From the first line of the records below, transcribe each line exactly up to and including the one with "Фото #4 товара"; pictures stay out.

[Opening INFORMATION section]

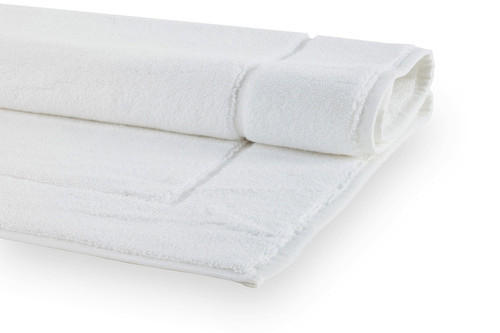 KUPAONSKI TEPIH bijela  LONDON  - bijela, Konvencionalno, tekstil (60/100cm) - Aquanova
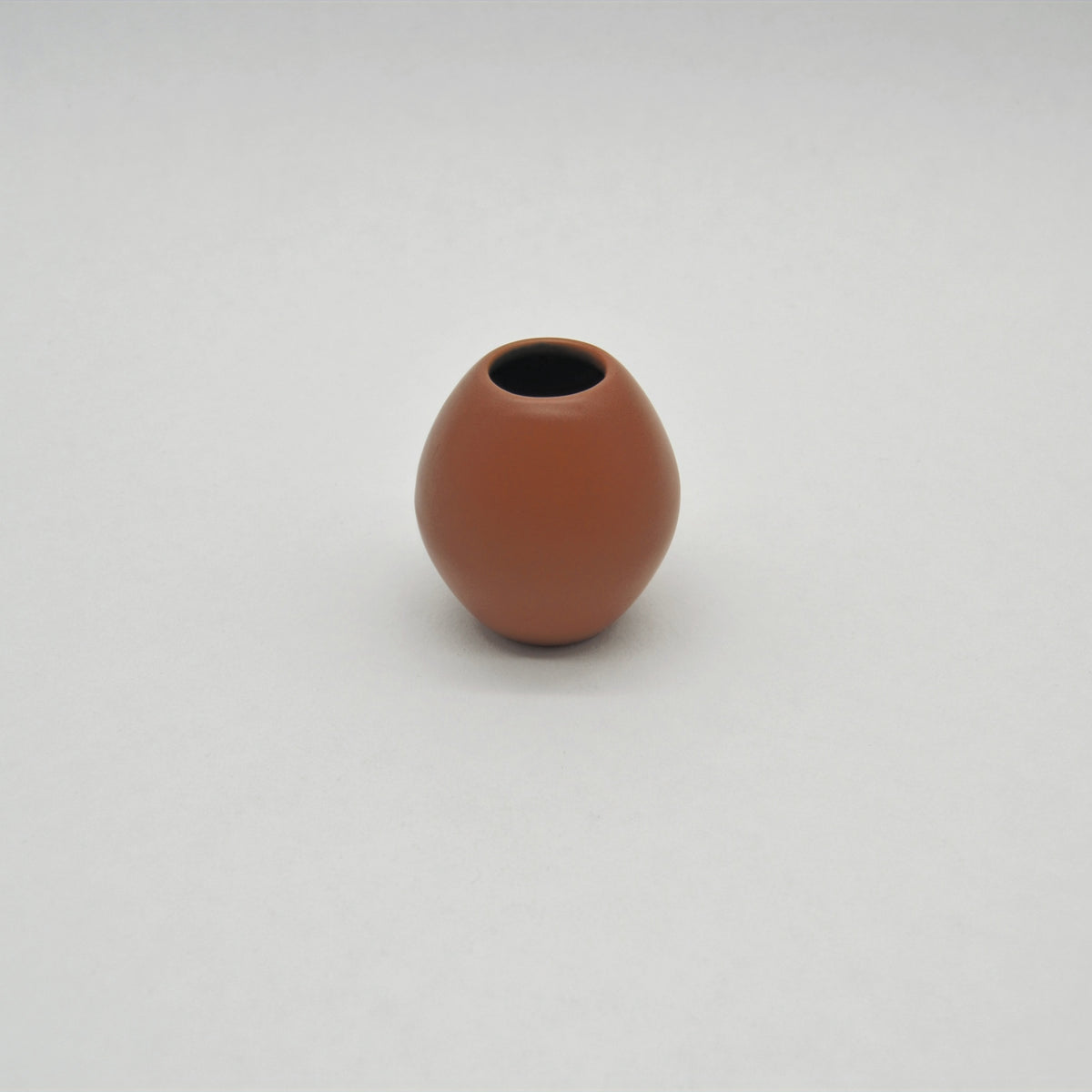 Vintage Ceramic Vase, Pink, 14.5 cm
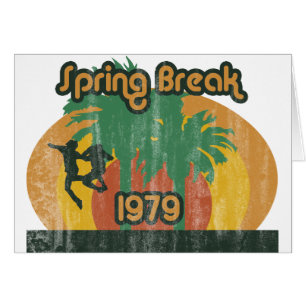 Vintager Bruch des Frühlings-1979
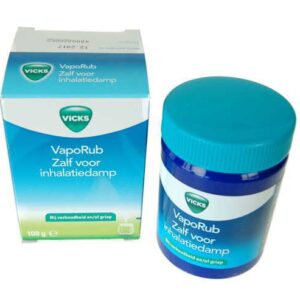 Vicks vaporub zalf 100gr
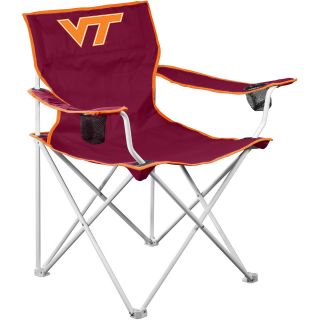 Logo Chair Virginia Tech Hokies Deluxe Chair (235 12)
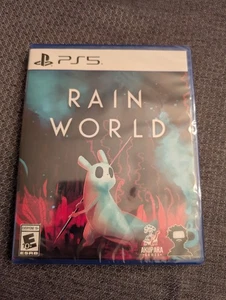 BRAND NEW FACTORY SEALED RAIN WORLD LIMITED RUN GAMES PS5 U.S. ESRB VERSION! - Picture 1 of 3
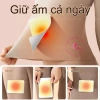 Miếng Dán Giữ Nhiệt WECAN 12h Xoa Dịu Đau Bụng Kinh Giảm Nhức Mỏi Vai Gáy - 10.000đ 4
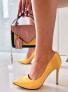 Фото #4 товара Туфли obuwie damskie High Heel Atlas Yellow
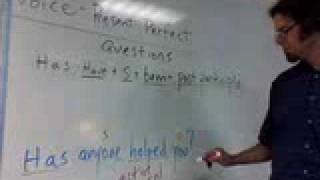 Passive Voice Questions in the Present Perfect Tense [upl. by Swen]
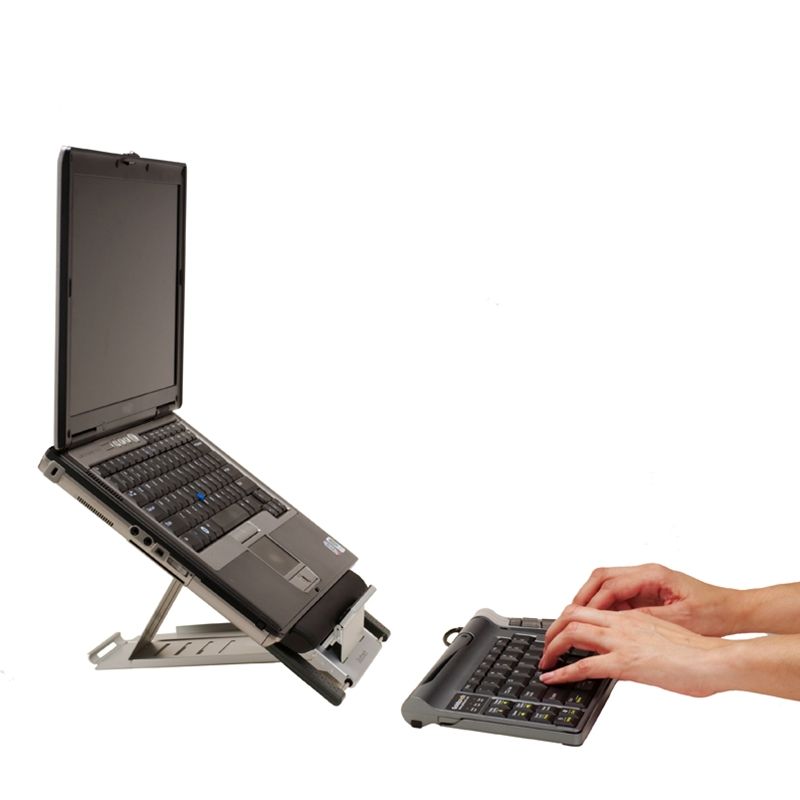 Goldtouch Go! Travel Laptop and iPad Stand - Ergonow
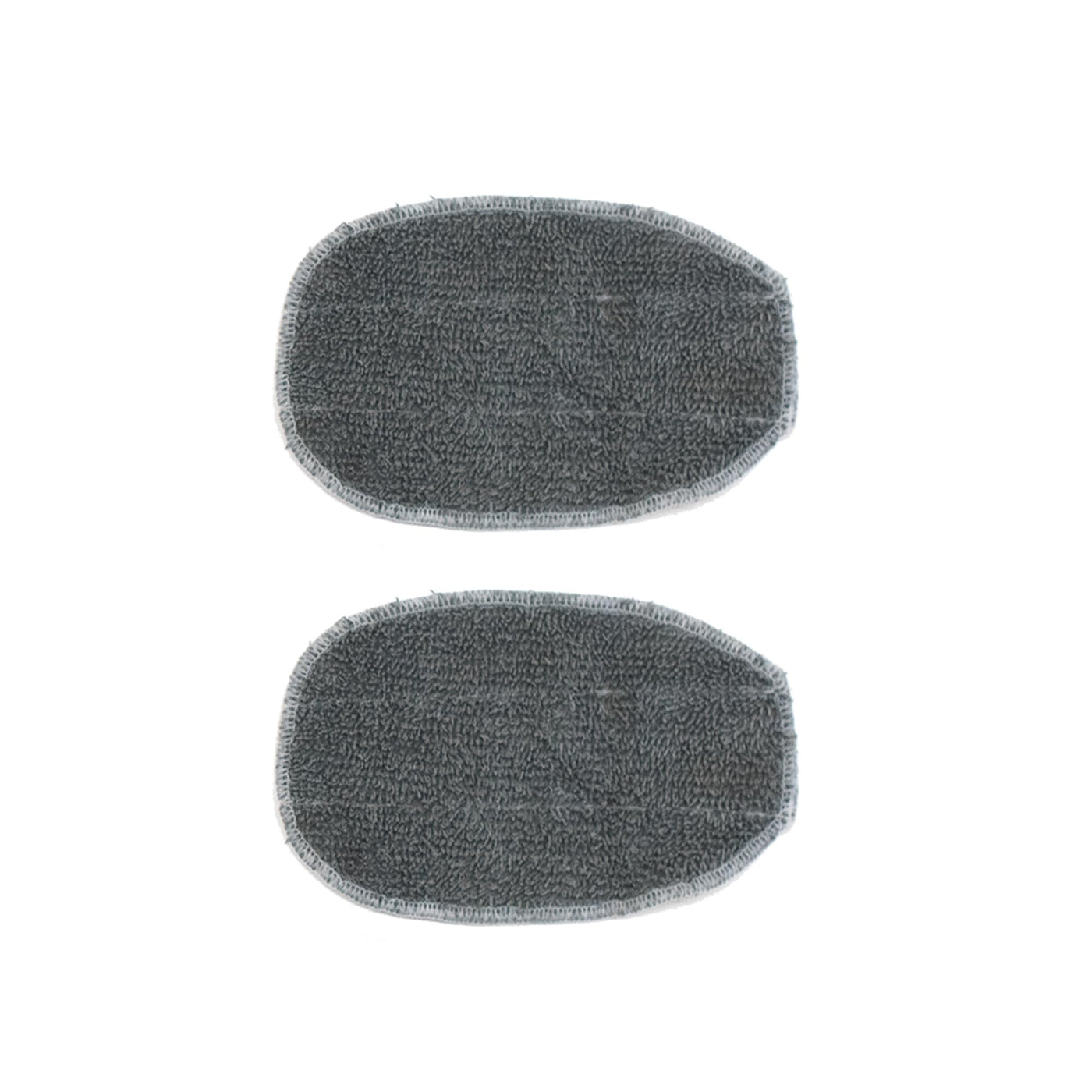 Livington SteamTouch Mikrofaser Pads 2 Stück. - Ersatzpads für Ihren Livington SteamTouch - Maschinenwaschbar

[Closing INFORMATION section]

▶ _OUTPUT OF THE TASK_
 KUPAONSKI TEPIH bijela  LONDON  - bijela, Konvencionalno, tekstil (60/100cm) - Aquanova
 Vintage Ceramic Vase, Pink, 14.5 cm
 Vintager Bruch des Frühlings-1979
 Vicks vaporub zalf 100gr
 Logo Chair Virginia Tech Hokies Deluxe Chair (235 12)
 BRAND NEW FACTORY SEALED RAIN WORLD LIMITED RUN GAMES PS5 U.S. ESRB VERSION! - Picture 1 of 3
 Miếng Dán Giữ Nhiệt WECAN 12h Xoa Dịu Đau Bụng Kinh Giảm Nhức Mỏi Vai Gáy - 10.000đ 4
 Фото #4 товара Туфли obuwie damskie High Heel Atlas Yellow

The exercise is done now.